I would be real tempted to find some way to take the bike with me rather than leaving it in a vehicle though


----------



## velodog (Sep 26, 2007)

Fai Mao said:


> That is kind of the question. Is it hot enough to un-cure it?
> 
> I don't ride a carbon-fibre bike so this is not that big an issue for me but I don't think the temperature would get hot enough to affect it. I think it is the UV light more than the heat that is an issue and that would remain the same.
> 
> I would be real tempted to find some way to take the bike with me rather than leaving it in a vehicle though


Yep, it don't get warm enough in there to un-braze steel.

But I really think that this is being un-necessarily worried about. These are machines that are meant to be used in the elements, and while they maybe could break in an accident, I can't imagine that a manufacturer would sell a product, such as a bicycle, that would be adversely affected if subject to being left in an automobile.

I mean, we're talking about a bicycle not a poodle.


----------



## JasperL (Aug 21, 2011)

"*Smashing a window will get attention*, seeing someone trying to get a bike off the roof or "unlocking" it with tools will rouse little suspicion."

Don't count on it. Good thieves can smash windows while attracting little attention. We run/exercise at a local park and a guy broke into a dozen or so cars over 3 weeks, most often during the evening after-work "rush" hour for this place. One of the victims was with us - we were in a group, just a few yards from the parking lot, people coming and going the entire time, and the guy did a smash and grab with her purse. Nobody noticed a thing till she went to her car to leave. They only caught him when he used a stolen card at a gas station with security cameras - not in the act.


----------



## Fai Mao (Nov 3, 2008)

velodog said:


> Yep, it don't get warm enough in there to un-braze steel.
> 
> But I really think that this is being un-necessarily worried about. These are machines that are meant to be used in the elements, and while they maybe could break in an accident, I can't imagine that a manufacturer would sell a product, such as a bicycle, that would be adversely affected if subject to being left in an automobile.
> 
> I mean, we're talking about a bicycle not a poodle.


It probably doesn't get hot enough to change the heat tempering on my aluminum bike either. :} 

Not every bike I have is steel. Just none are CF.


----------



## woodys737 (Dec 31, 2005)

Chainstay said:


> If you inflated your tire to 110 psi when the temperature was 15C (about 45F) and the temperature in the car rises to 45C (about 120F) your tire pressure will increase to 121 psi.


 15C=59F and 45C=113F.


----------



## PaxRomana (Jan 16, 2012)

tlg said:


> The carbon fiber itself is no problem. We use carbon fiber products in heat treating furnaces up to 3000°F.
> On your bike, it's the epoxies and paint you'd have to worry about first. But as the article above explains, those are good to over 180°.
> If you have any plastic do-dads, flashlight mounts, water bottle cages, perhaps those could be become soft or brittle in the heat.
> One thing to watch out for, is the heat will make the lube in your chain less viscous, and it might seep out of the rollers a bit.

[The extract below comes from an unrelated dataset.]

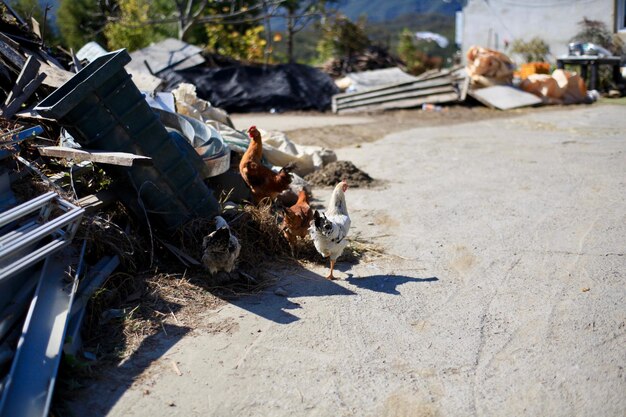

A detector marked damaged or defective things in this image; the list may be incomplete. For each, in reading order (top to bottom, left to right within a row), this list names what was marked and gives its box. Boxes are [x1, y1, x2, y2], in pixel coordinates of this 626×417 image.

cracked concrete surface [70, 103, 620, 412]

I had a friend melt the epoxy on his bike by leaving it in his car on a hot summer day. It was eventually warrantied, so perhaps it was a faulty epoxy job.


----------



## velodog (Sep 26, 2007)

Fai Mao said:


> It probably doesn't get hot enough to change the heat tempering on my aluminum bike either. :}
> 
> Not every bike I have is steel. Just none are CF.


Sorry, I assumed.

But mine are all steel. My wife has an aluminum Vitus though.


----------



## redondoaveb (Jan 16, 2011)

Me thinks this would make a good "Mythbusters" episode.


----------



## aclinjury (Sep 12, 2011)

The tires (for bicycles) will be affected by the constant cycles of heat and cool down. Over time, the rubber will delaminate from the carcass prematurely. Auto tires can withstand the heat cycles more.


----------



## High Gear (Mar 9, 2002)

Your tubes will pop before anything happens the the bike....


----------



## Fai Mao (Nov 3, 2008)

redondoaveb said:


> Me thinks this would make a good "Mythbusters" episode.

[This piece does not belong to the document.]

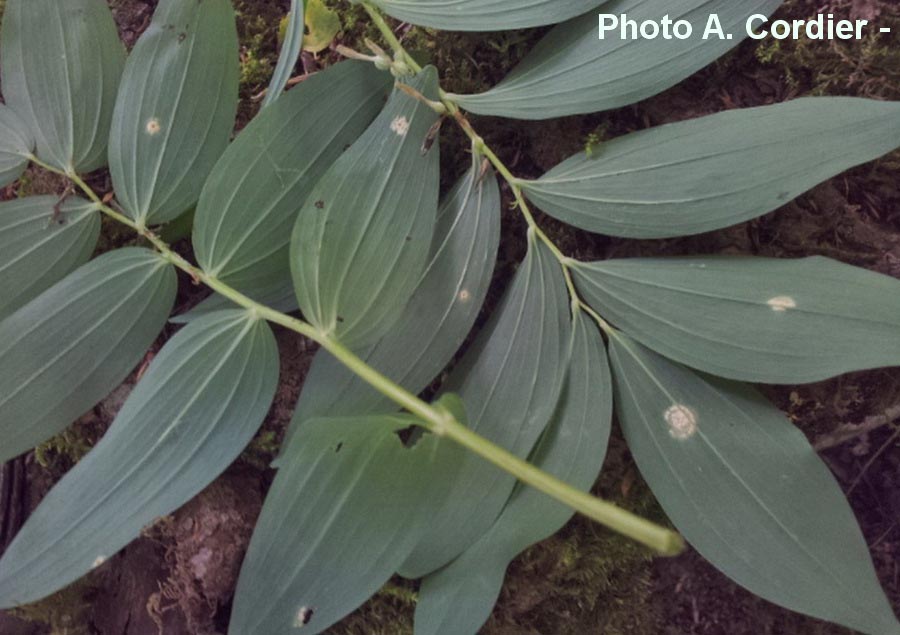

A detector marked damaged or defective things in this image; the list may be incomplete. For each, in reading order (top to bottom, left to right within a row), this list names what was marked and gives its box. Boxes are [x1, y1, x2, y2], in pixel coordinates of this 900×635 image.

pale yellow rust pustule [26, 4, 688, 556]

I do not know about CF but aluminum is "cured" or tempered at something like 450 F. for three hours or that is what the guy at the Cannondale plant I toured years ago said, assuming I remember right. Steel is brazed or welded at much higher temps than that. I imagine a mono-cot CF frame is baked at a temperature of least 400 to 500 degrees F. If it is 400 degrees inside a car you've probably got more pressing issues than the bike - like whole car starting to burn. So I don't think that Myth Busters would take something like this.

The issue with CF is not the heat so much as the UV and that would remain constant. That is another reason that a CF bike should be covered if it is left in the sun and I would recommend that in any case for any bike regardless of materials.

Other than that the only issue might be the formaldehyde that out gasses from the plastic parts in the interior of the auto when it gets hot but once again. I don't know.

There are lots of potential issues with CF bikes I just don't see this as one


----------



## Jajo (Apr 12, 2013)

Putting your bike in the car where it can be seen is a good way to see how good your insurance policy is.


----------



## Waspinator (Jul 5, 2013)

tlg said:


> The carbon fiber itself is no problem. We use carbon fiber products in heat treating furnaces up to 3000°F.
> On your bike, it's the epoxies and paint you'd have to worry about first.



Ummm....

Not trying to be a jerk here, but it sounds like you don’t understand how carbon fiber works. The “epoxies” are half of the equation. Any carbon fiber structure is a “composite” of the carbon fibers (usually woven into a carbon fiber cloth) combined with the epoxies (a.k.a. resins) that allow the structure to maintain its shape. The epoxy is integral to a carbon fiber structure. In fact, one could even make the argument that the epoxy is more important than the carbon fiber. Technically, the epoxy can be made into a frame all by itself. Use enough of it (or use an exceptionally strong one), and the epoxy frame could be strong enough to ride. The carbon fibers are simply there to strengthen the epoxy.

In fact, you’ve heard of FRP, right? It’s plastic that has fibers in it to reinforce it. From a structural standpoint, it is conceptually nearly identical to carbon fiber (with some differences: 1. the materials used, and 2. in FRP, the fibers aren’t typically oriented in any way for directional strength the way carbon fiber is). But the point here is that plastic parts can be made all on their own, _without _fibers to strengthen them.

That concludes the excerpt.